When Matias Almeyda took over the managerial reins at Chivas in 2015, he inherited a team that focused almost exclusively on playing a defensive game. Under former Chivas manager, “Chepo” De la Torre, fans had grown accustomed to narrow wins. The team would buckle down, concentrating their efforts on defense, and would only attack when the team was dominating possession. However, Almeyda has brought a more attacking style and it has worked well thus far…
Chivas under Chepo De la Torre
To be fair to De la Torre, this style of play worked well, for a time, as he was able to lead Chivas to a Copa MX final, losing to Puebla, and a semifinal Liguilla appearance, where the team was knocked out by eventual champions Santos Laguna. Problems soon started to emerge, however, as the team suffered a winless streak that would see the team plunging down the league table the following season.

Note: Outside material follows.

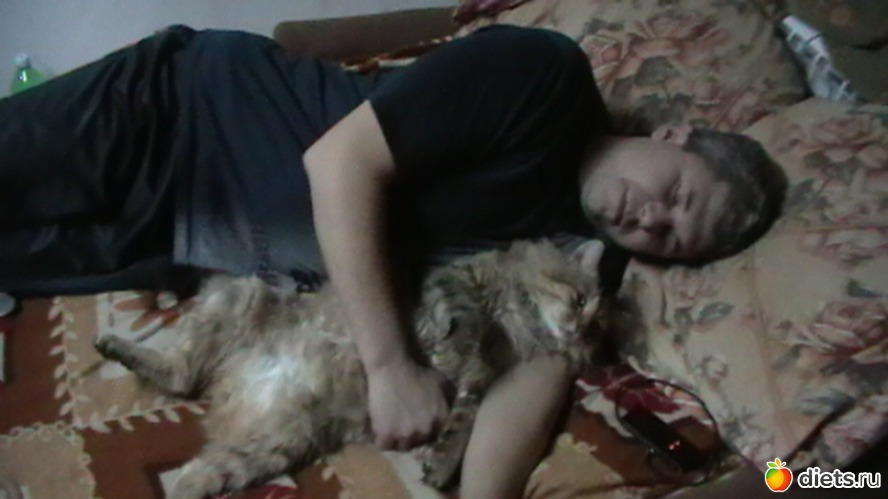 Мой муж и Коол, альбом: мои любимые кисы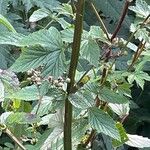 Scrophularia auriculata Blatt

De La Torre’s Chivas side was the type of team where the priority was to not lose rather than to win games. They often preferred to sit back in their own defensive third attempting to earn a single point rather than to try and go for the win, and although it is beneficial to be difficult to beat, this style wasn’t always the most appreciated by Chivas fans.
This approach would have been accepted if Chivas were in the middle of a relegation battle, but due to the complex Liga MX relegation system, a league win against Puebla the season before had put fears of relegation behind the team. Additionally, fans wanted more than just draws after the relatively good season Chivas had enjoyed previously and the fans wanted to see the team improve.
Consequently, De la Torre was sacked and Matias Almeyda arrived from Argentina in the hopes of changing the club’s fortunes for the season and bringing a new, more adventurous style.
The arrival of Matias Almeyda
Since his arrival in 2015, the Argentine has been given enough time and resources to mold the team into an attacking unit, one that plays exciting and entertaining football. His signings of young players such as Orbelin Pineda and Rodolfo Pizarro as well as the promotion of players from the academy, such as “Chofis” Lopez and Angel Zaldivar, are testaments to his commitment to a style of play centered around pace in the attack.
In effect, Almeyda has changed the team for the better and the team has now become a constant showing in the Liga MX postseason playoffs: the Liguilla.
Unfortunately, for Almeyda and Chivas however, the team has had to contend with their rivals Club America in the previous two Liguillas, knocked out on both occasions by their most hated rivals. This has led to a sense of stagnation within the minds of some Chivas fans as the team has struggled to reach the second round of Liguilla fixtures since Almyeda’s arrival at the club.
That doesn’t mean that Almyeda hasn’t had success. He has. His success has come in the form of cups rather than league titles and what the fans really want now, more than ever, is a league title. One that will take El Rebano Sagrado level on league titles with Club America.
As mentioned earlier, Almeyda has really tweaked and molded the team to his liking and has the team playing better than they have in years. Moreover, he seems to have lit a spark within the minds of the players. Every Chivas player on the pitch seems to know what they are playing for. This is largely due to Almeyda hammering the club’s policy of only fielding Mexican players into the minds of his men.
This was a mentality that was lacking with previous managers. Maybe, it was that many of the previous managers were Mexican and had taken the club’s policy for granted and never used it as a tool to motivate players. Maybe, it took an outsider, a foreigner, to come into the club to make the players realize what made Chivas different.
After all a Chivas player really isn’t playing for just another club.
What Chivas represents, as it always has, is a Mexican national team playing in the local league, and Almeyda gets that. In the videos released by the club of the team’s pregame and half-time talks, it’s not uncommon to see Almeyda reminding his players that it is them (the Chivas players) against everyone else and that it’s their responsibility to prove to everyone that a team of all Mexicans can win games in a league increasingly influenced by foreign players.
In his two years at Chivas, Almeyda has changed the team from the hyper-defensive unit it was under De la Torre. Now, Chivas have become the kind of team that will come roaring back from two goals down in the 75th minute to win the match three-two by the end of extra time.
The team is young up top and has experience at the back. When Chivas are at 100% it becomes easy to see them as a team capable of lifting the Liga MX title. Sadly, injuries have been the one thing holding Chivas back recently, but now, with Zaldivar training again, and Pizarro’s introduction in the second half against Atlas on Sunday, it seems that Chivas’ players are starting to get healthy again at the right time.
Up next for Chivas in the Liguilla semifinals will be Toluca, a team celebrating their 100-year anniversary as a club. Both teams will be desperate to move onto the final, and both will be happy to play each other rather than red hot Tigres.
The only worry for Chivas at the moment should be their lack of goals. While the Goats were able to get past Atlas in the previous round, they only did so through the slightest of margins. What ultimately decide the tie is whether Chivas’ returning players will be ready for the matches ahead.